OK–maybe that’s a little overdone. It parachuted down. Ray still had to fetch it off the roof.
I picked it up this afternoon. It is a combination of new and old tech and it stunk of sulfur. More on that later.
As the balloons go higher-and-higher the atmosphere around them becomes less dense. The balloon expands in size until finally it bursts! Those are the shredded remains of the balloon in the photo on the left.
I called the Weather Service Office in Albany where Ray’s balloon had been launched. The meteorologist there said the balloons typically went well above 50,000 ft. At that altitude 90% or more of the Earth’s atmosphere is below the balloon!
The science is contained in the more sophisticated instrument package that is tethered to the balloon. Ray’s was a Mark IIA Microsonde made by Lockheed Martin. Though Lockheed Martin is a major US defense contractor the sonde itself is assembled in Mexico.
Inside a cardboard box that looks like it should be holding pork fried rice sits a Styrofoam case. The case holds the sensors and brains. This radiosonde has instruments to measure temperature, moisture, pressure and ozone plus it can derive wind velocity and direction. The data plus GPS coordinates are transmitted back to ground via a radio data link.

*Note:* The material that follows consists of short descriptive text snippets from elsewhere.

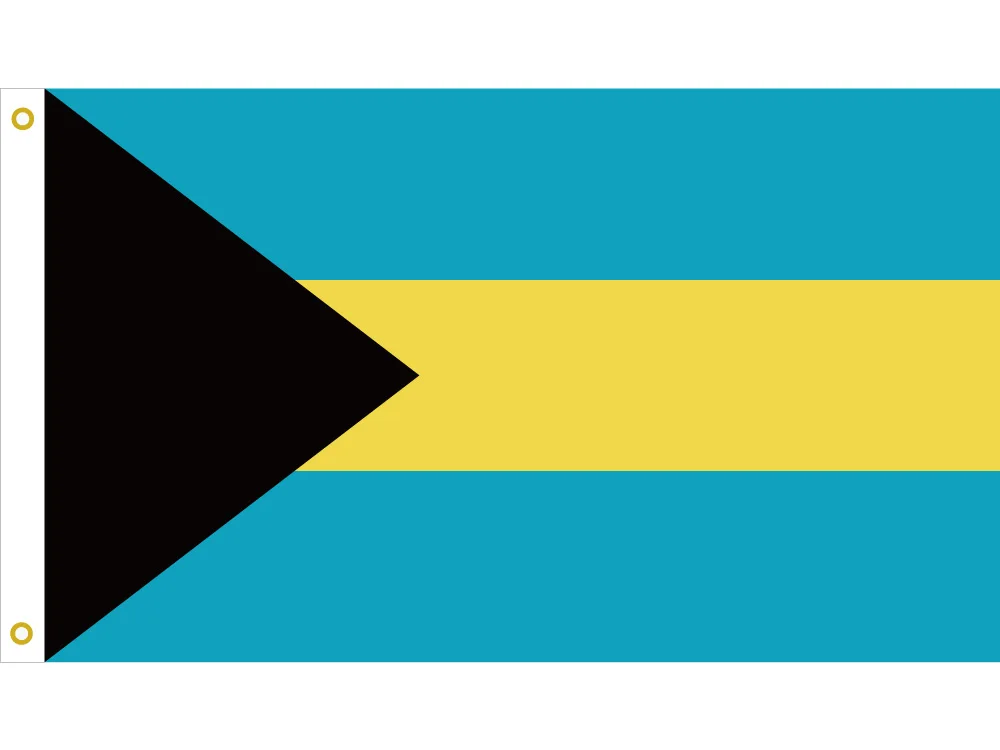 Bahamas National Flag 90*150cm/60*90cm/40*60cm 3x5 Feet Polyester Print Banners Hand Flag Banners and flags/national flags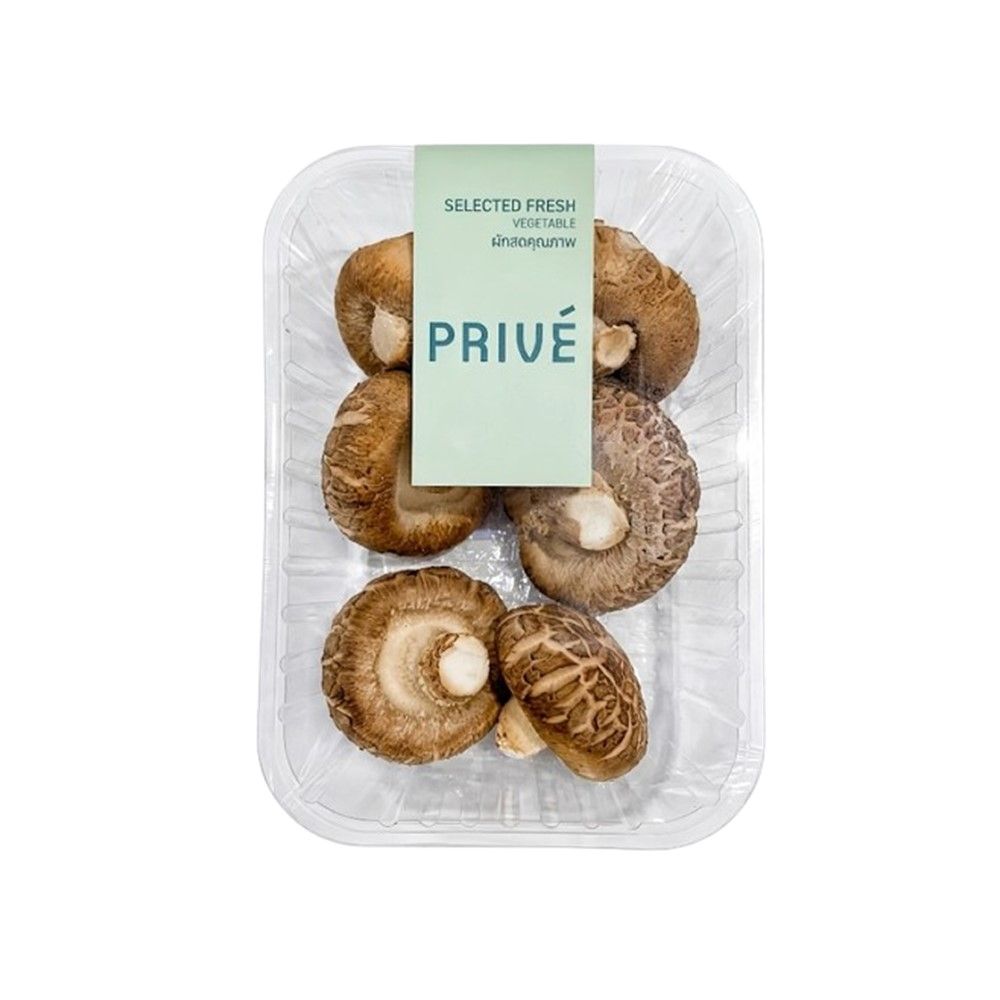 PRIVE FRESH SHIITAKE 100 G PACK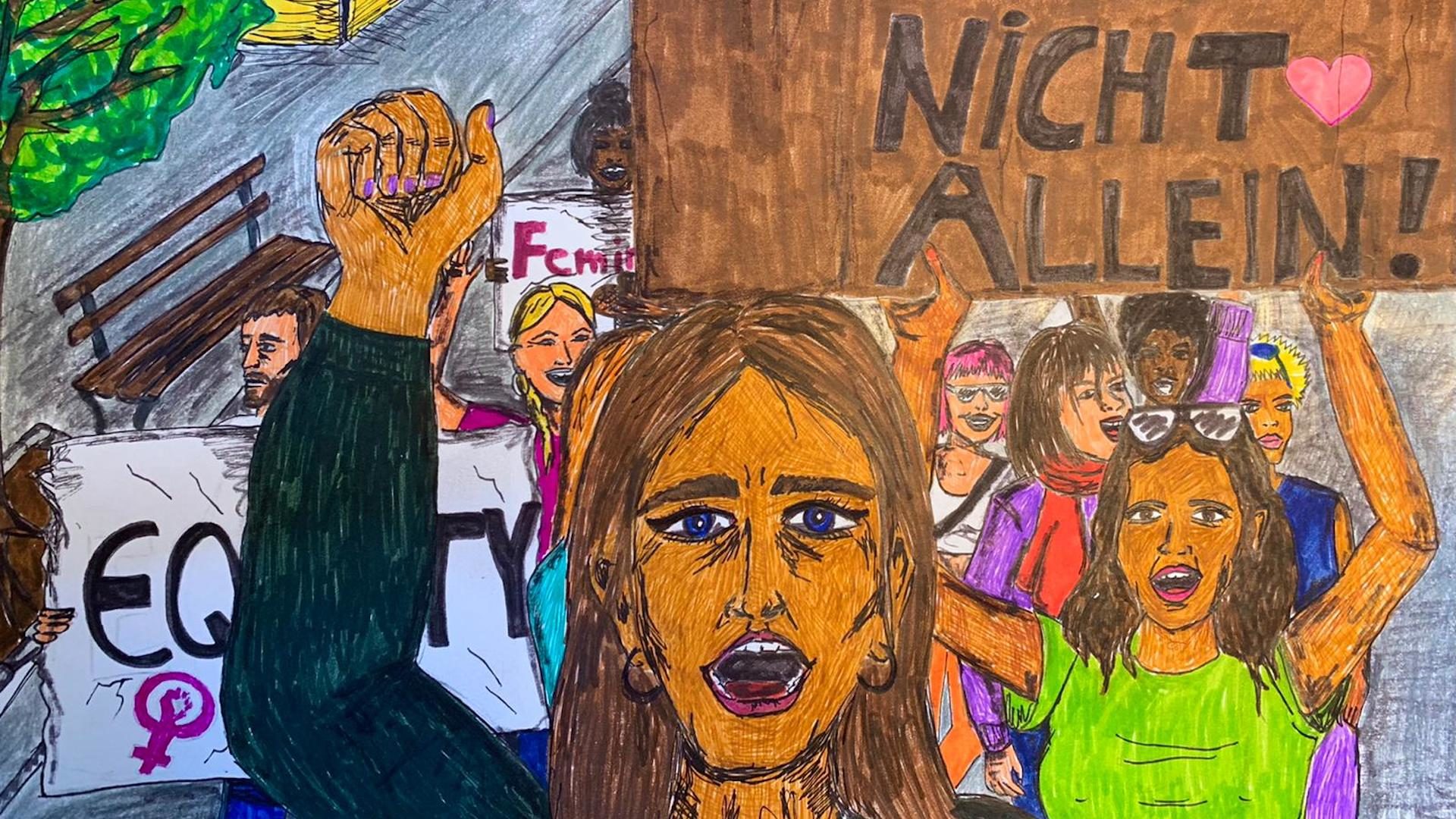 Du bist nicht allein Beitragsbild Du bist nicht allein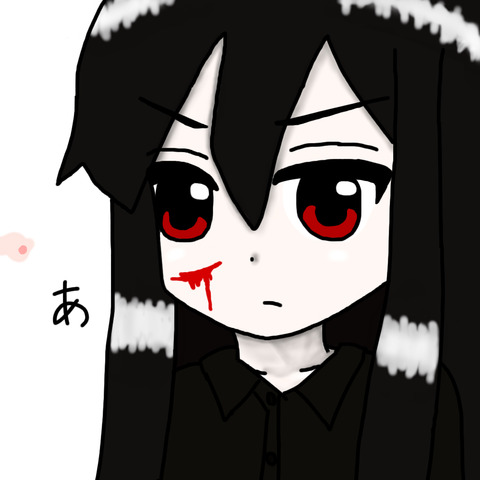 自画像 萌え 二次元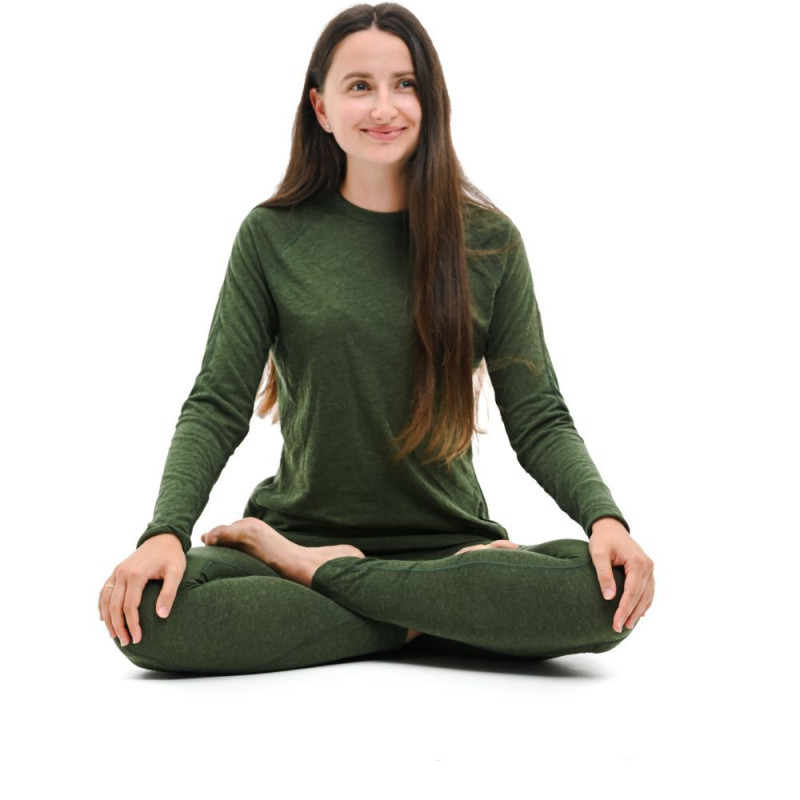 Термофутболка ж Turbat Retezat Top Wmn kombu green - XXL - хакі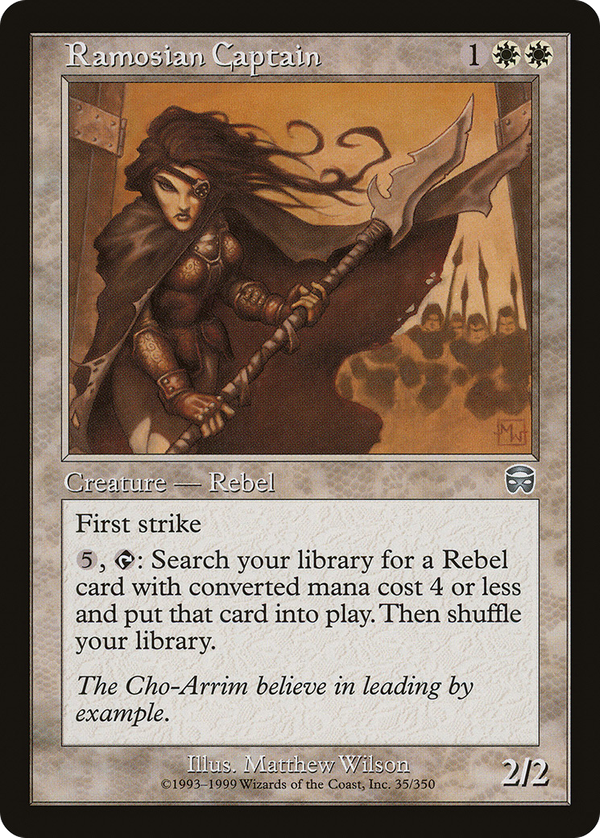 Ramosian Captain (mmq)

Before the balloon is launched a wet cell battery gets filled with water. The chemical reaction that produces the battery’s electricity also produces the sulfuric stink that’s tough to miss as you approach the balloon.
The results of this upper air sounding are usually charted as a Skew-T Plot. As part of my meteorological training I used to do these by hand on a giant plastic sheet. They’re an excellent way to visualize the atmosphere above a singe point.
Though satellites and other remote sensing methods can probe the atmosphere upper air soundings from radiosondes continue to be used because they work! Their data is heavily integrated into the computer forecast models I often talk about on TV.
It’s amazing how much we owe to something that looks like it should be carrying Chinese food!